Carlson thinks of this work as a dialogue between embrace and surrender. In the case of The Symphonic Body, she explains that whether it’s the performance studies professor or the groundskeeper, each embraces his or her identity as the context of the performance. In her artist statement, Carlson writes:

This (self) embracing draws metaphor and meaning from the surroundings of the everyday. But during the making of the performance the embrace gives way to a surrender, there is a letting go of the individual identity into an experience of being part of something larger than the self. Symphonic Body is a social sculpture.

The particular choreographed gestures themselves become part of a larger movement tapestry within each performer and within the piece as a whole. So, these works, performed by the actual individuals who live with these gestures (as opposed to trained performers taking on the gestures of other people) exist in this tension between embrace and surrender, giving rise to questions about what constitutes humanity and aliveness in a given moment.

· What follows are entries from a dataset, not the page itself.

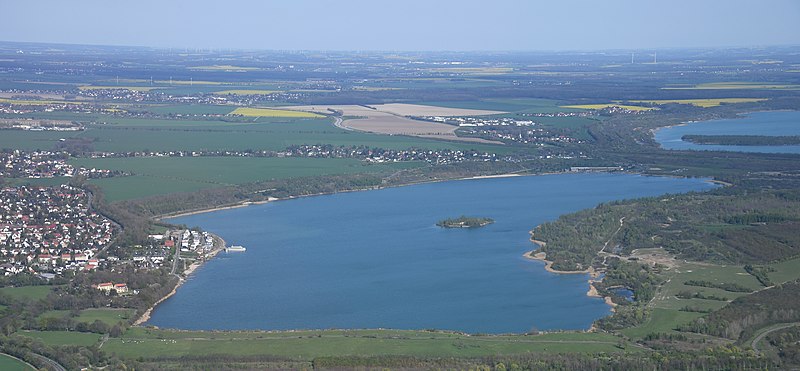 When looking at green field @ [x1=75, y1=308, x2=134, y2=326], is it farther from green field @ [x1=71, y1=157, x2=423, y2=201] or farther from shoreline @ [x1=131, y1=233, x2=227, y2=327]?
green field @ [x1=71, y1=157, x2=423, y2=201]

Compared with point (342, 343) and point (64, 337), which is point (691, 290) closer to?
point (342, 343)

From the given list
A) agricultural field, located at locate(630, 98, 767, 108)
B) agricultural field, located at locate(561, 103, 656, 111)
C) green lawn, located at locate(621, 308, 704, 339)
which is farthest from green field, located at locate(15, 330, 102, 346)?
agricultural field, located at locate(630, 98, 767, 108)

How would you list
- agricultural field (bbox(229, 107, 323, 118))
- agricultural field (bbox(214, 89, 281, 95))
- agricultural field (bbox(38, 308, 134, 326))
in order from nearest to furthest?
agricultural field (bbox(38, 308, 134, 326))
agricultural field (bbox(229, 107, 323, 118))
agricultural field (bbox(214, 89, 281, 95))

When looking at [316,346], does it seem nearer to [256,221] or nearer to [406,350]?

Orchestra auditions: instruments not required

Carlson asked the first potential participant, Philippe Cohen, the executive director of the Jasper Ridge Biological Preserve: Who inspires you here at Stanford? Who uplifts you? Who has caused you to grow, expand, and become more of yourself? Once he was enlisted in the orchestra, Cohen gave Carlson a few names, and as each new person signed on to participate, he or she provided the names of more potential participants. Thus, each person in the orchestra is connected to another person in the ensemble.

The Symphonic Body performance is also a social sculpture, a kind of living ‘web’ of inspiration,” said Carlson.

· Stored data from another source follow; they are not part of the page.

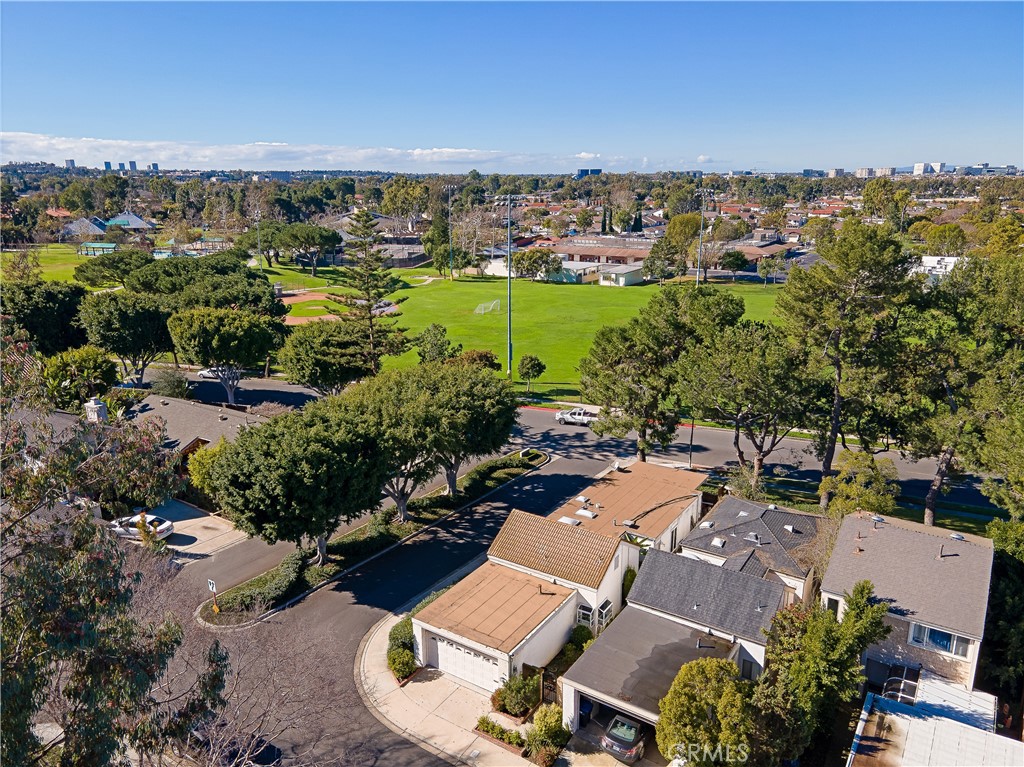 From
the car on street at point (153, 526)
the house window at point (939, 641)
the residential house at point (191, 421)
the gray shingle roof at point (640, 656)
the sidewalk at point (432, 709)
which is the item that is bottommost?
the sidewalk at point (432, 709)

Many of the participants confessed that the performance concept was an enormous stretch for them and it did not become clear until they started actually working on their movements in rehearsals with Carlson.

“The whole process of Ann shadowing me [at Jasper Ridge] and identifying certain gestures and mannerisms spooked me for awhile. It made me self-conscious in ways that were disquieting,” said Cohen. “But, as I practiced on my own, many kinds of insights and new perspectives started to take shape. The biggest surprise to me is how meditative the experience is.”

Toni Gauthier

For Mary Nolan, grounds supervisor, her biggest surprise is her own participation. “I would never have thought groundkeepers and tree workers would be part of a project such as this and be performing in Bing Concert Hall,” she said. ” What’s so special for us is that we have an opportunity to show how involved we are with the Stanford community, we are so much more than grounds workers – we truly care about this campus and having an opportunity to be part of a project like this validates that sentiment for us.”

An unconventional artist

Carlson is a choreographer, performer and conceptual artist whose award-winning works have delved into the nature of vernacular cultures by adapting and choreographing everyday gestures into dances. Carlson’s practice takes the form of solo performance, series projects and site-specific works. She makes dances for herself, dancers, non-dancers and even animals.

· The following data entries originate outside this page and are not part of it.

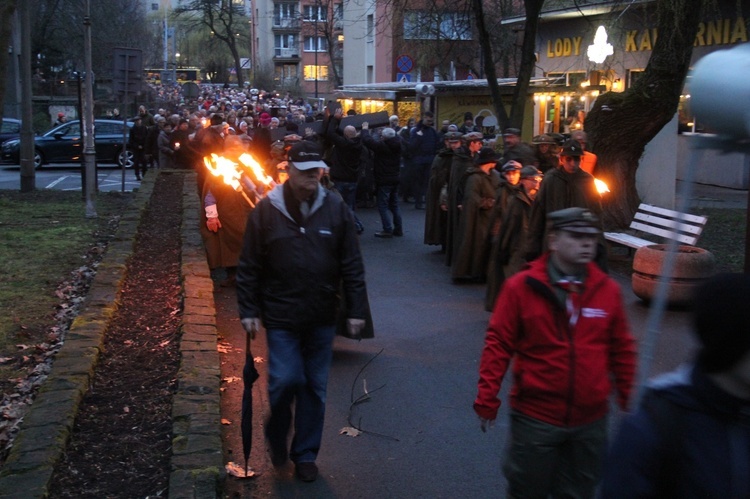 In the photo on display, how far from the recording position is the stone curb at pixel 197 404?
505 cm

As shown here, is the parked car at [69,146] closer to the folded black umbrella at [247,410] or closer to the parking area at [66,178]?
the parking area at [66,178]

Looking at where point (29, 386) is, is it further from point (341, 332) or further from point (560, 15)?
point (560, 15)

In March 2012, Carlson staged a performance hike at Stanford’s Jasper Ridge Biological Preserve, where actors recreated nine archival photographs, tableau vivant-style, on or near the spot where the original photograph was taken.

Her works have been presented in conventional spaces such as theaters, museums and galleries, as well as unconventional spaces such as walking tours on city streets, rural rivers, passenger trains, empty retail stores, horse arenas and sculpture parks.

Bing Concert Hall brings Carlson back to a more traditional performance stage, but her gesture orchestra is anything but conventional.